Post IV – reviews the experimental methods that use human subjects. These range from short-term experiments often looking at changes in risk factors like blood cholesterol or measures of oxidant stress through to randomized, placebo-controlled trials (RCTs) which are seen as the gold standard of evidence in medical research.
Post V – describes the highly fashionable technique of meta-analysis. This is a weighted aggregation of similar studies testing the same hypothesis. It is essentially a statistical procedure which can be used to amalgamate almost any type of study including animal experiments and observational studies. It is frequently used to amalgamate controlled trial data and such meta-analyses are at the pinnacle of the evidence hierarchy. A successful meta-analysis combines several smaller studies into one large study of greater statistical power and gives a consensus from the results of these smaller studies. In practice differences between individual studies in things like the level of intervention (e.g. drug dose), selection criteria for subjects and outcome measures may make meta-analysis problematical or impossible.
Post VI – discusses how evidence from all of these different types of studies can be integrated and graded when making decisions about clinical practice or health policy. Evidence from these different observational and experimental methods is arranged into a hierarchy or pyramid and clinical and health policy decisions should, ideally be supported by evidence at the top of this hierarchy like RCTs where these are feasible. Some of the major scientific errors discussed in previous posts have arisen because policies or interventions have been decided based upon evidence at relatively low-level in this hierarchy e.g. see the posts about cot death , the protein gap and antioxidants.

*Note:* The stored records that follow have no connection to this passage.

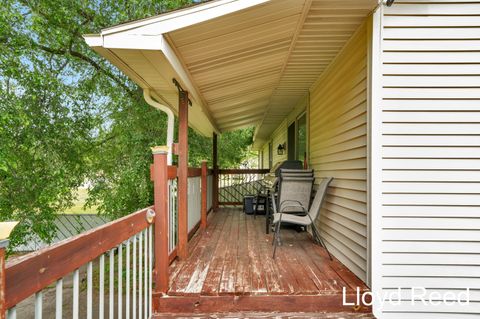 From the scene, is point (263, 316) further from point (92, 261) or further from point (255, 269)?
point (92, 261)

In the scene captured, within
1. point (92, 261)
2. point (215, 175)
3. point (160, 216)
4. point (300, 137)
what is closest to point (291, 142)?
point (300, 137)

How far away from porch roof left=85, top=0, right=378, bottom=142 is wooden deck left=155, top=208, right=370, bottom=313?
190 cm

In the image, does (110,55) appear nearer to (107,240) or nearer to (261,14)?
(261,14)

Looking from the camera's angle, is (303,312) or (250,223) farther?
(250,223)

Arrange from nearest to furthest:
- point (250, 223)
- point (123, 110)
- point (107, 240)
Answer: point (107, 240)
point (250, 223)
point (123, 110)

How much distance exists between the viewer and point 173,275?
2777mm

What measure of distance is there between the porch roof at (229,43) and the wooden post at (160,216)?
840 mm

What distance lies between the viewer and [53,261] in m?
1.14

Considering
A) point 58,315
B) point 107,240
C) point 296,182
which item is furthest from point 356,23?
point 58,315

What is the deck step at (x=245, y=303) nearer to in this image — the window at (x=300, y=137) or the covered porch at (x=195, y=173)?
the covered porch at (x=195, y=173)

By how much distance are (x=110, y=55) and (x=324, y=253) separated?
3.11m

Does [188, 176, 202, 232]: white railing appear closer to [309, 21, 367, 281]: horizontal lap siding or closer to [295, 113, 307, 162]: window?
[309, 21, 367, 281]: horizontal lap siding

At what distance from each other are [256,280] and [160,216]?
103cm

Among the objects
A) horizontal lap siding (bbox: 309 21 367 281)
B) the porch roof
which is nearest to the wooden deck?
horizontal lap siding (bbox: 309 21 367 281)
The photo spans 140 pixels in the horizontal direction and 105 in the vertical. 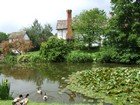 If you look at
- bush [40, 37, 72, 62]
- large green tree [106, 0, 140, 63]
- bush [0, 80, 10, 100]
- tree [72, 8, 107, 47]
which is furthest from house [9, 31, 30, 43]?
bush [0, 80, 10, 100]

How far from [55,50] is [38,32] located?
100 feet

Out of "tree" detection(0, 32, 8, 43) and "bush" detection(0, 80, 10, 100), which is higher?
"tree" detection(0, 32, 8, 43)

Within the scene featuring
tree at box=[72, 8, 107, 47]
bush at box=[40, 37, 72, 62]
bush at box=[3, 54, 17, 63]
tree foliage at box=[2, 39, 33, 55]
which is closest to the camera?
bush at box=[40, 37, 72, 62]

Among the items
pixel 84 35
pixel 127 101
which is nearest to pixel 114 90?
pixel 127 101

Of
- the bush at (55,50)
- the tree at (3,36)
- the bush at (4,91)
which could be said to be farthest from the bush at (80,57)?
the tree at (3,36)

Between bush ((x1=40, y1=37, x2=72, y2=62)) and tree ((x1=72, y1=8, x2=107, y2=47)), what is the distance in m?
3.90

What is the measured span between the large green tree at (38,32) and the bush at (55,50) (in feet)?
74.5

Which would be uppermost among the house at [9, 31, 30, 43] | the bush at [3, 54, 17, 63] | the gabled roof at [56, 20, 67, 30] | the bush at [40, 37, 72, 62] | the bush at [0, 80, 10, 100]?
the gabled roof at [56, 20, 67, 30]

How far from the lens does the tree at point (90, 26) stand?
237 ft

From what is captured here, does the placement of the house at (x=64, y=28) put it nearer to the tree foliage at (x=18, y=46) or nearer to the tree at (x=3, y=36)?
the tree foliage at (x=18, y=46)

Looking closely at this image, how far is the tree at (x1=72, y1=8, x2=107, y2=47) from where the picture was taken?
2849 inches

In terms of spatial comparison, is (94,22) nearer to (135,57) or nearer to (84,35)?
(84,35)

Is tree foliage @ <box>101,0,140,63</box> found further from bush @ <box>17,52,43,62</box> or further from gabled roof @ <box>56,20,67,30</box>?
gabled roof @ <box>56,20,67,30</box>

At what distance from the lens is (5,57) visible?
80.1 m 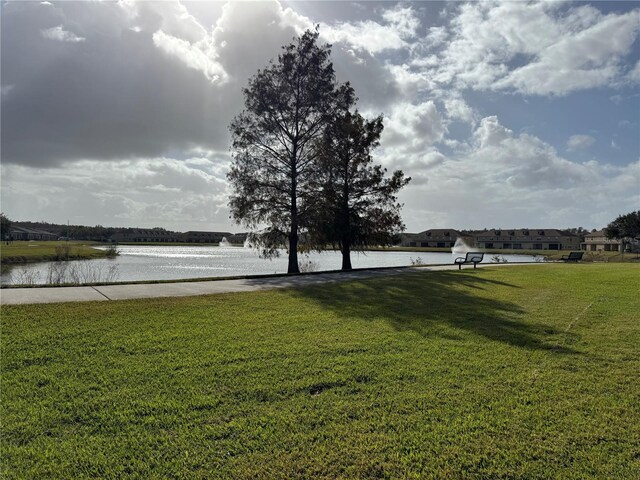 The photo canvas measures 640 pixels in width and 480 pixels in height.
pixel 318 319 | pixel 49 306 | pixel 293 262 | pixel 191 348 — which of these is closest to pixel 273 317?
pixel 318 319

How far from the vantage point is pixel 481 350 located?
5.73m

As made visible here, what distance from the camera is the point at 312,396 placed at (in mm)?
4070

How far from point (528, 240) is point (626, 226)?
33348 millimetres

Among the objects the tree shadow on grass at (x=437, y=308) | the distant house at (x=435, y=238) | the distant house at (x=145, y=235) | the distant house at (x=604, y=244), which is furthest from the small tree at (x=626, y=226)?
the distant house at (x=145, y=235)

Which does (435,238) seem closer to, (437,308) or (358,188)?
(358,188)

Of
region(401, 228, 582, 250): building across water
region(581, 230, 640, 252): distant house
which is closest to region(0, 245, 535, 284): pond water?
region(401, 228, 582, 250): building across water

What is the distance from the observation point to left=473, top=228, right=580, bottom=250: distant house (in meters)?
99.9

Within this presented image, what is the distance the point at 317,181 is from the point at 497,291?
34.0 feet

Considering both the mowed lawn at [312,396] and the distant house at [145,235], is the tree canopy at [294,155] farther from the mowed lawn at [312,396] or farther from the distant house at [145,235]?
the distant house at [145,235]

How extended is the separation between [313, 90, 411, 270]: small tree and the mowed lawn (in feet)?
47.1

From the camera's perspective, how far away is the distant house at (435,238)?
110 m

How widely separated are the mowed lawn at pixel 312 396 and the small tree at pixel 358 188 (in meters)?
14.4

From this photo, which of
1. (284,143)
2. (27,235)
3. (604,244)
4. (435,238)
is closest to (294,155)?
(284,143)

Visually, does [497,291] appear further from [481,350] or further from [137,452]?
[137,452] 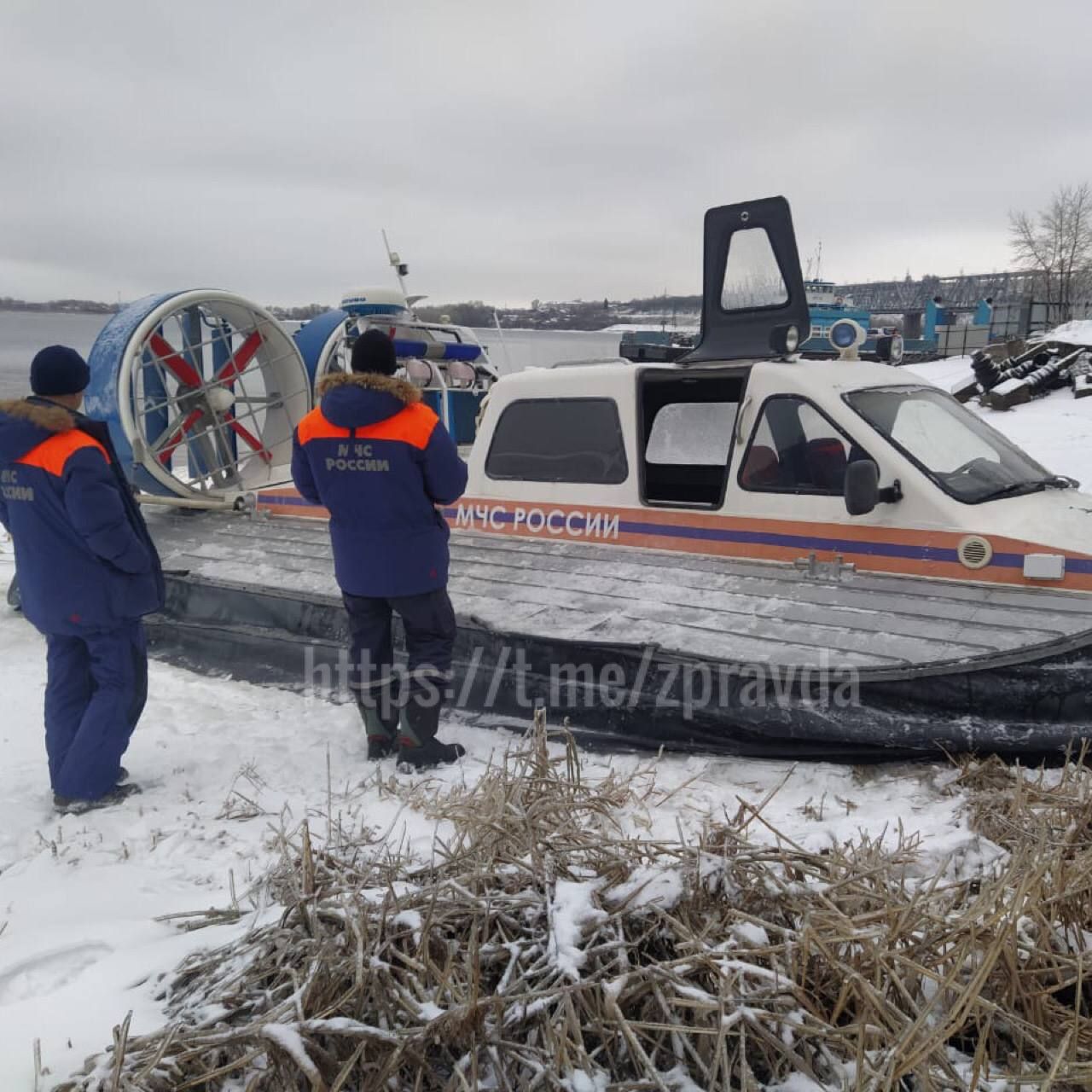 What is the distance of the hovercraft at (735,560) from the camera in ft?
10.3

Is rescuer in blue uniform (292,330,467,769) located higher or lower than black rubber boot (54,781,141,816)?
higher

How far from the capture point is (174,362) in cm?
633

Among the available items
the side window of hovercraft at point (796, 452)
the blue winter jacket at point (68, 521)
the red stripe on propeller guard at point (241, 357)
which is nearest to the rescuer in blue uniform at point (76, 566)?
the blue winter jacket at point (68, 521)

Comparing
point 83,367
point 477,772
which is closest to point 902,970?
point 477,772

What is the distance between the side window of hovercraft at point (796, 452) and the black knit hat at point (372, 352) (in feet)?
5.88

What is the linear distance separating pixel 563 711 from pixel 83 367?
2.24m

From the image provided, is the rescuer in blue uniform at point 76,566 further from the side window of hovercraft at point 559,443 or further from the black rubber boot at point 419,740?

Post VII – addresses the question “is most published research really wrong?” (see existing post). It has been claimed that most published research is wrong and that up to 85% of research expenditure is wasted. The first part of this post discusses several reports of the lack of reproducibility of much of the research data that is published. This failure of reproducibility even applies to many apparently “landmark” pre-clinical research papers published in top medical journals. In addition to this irreproducible data there is an avalanche of low-grade research papers published in a host of low impact journals with poor standards of peer review which few people, if any, ever read or cite and which nobody considers worthy of trying to reproduce. The second part of the post tries to identify some of the reasons why so much published research is wrong or irreproducible and some of the characteristics of the faulty research. If the level of wastage of research resources could be substantially reduced this would be the equivalent of a major boost to research expenditure.
Post VIII – discusses some of the flaws and limitations of randomized, controlled clinical trials (RCT) and meta-analyses which have been dubbed the gold and platinum standards in medical research. Why do RCTs and meta-analyses testing the same hypothesis not always produce the same results? Traditional narrative reviews are often seen to be biased by authors’ favouring research that supports their beliefs but there are also sources of bias in the conduct of meta-analysis which can similarly bias results towards the views of authors.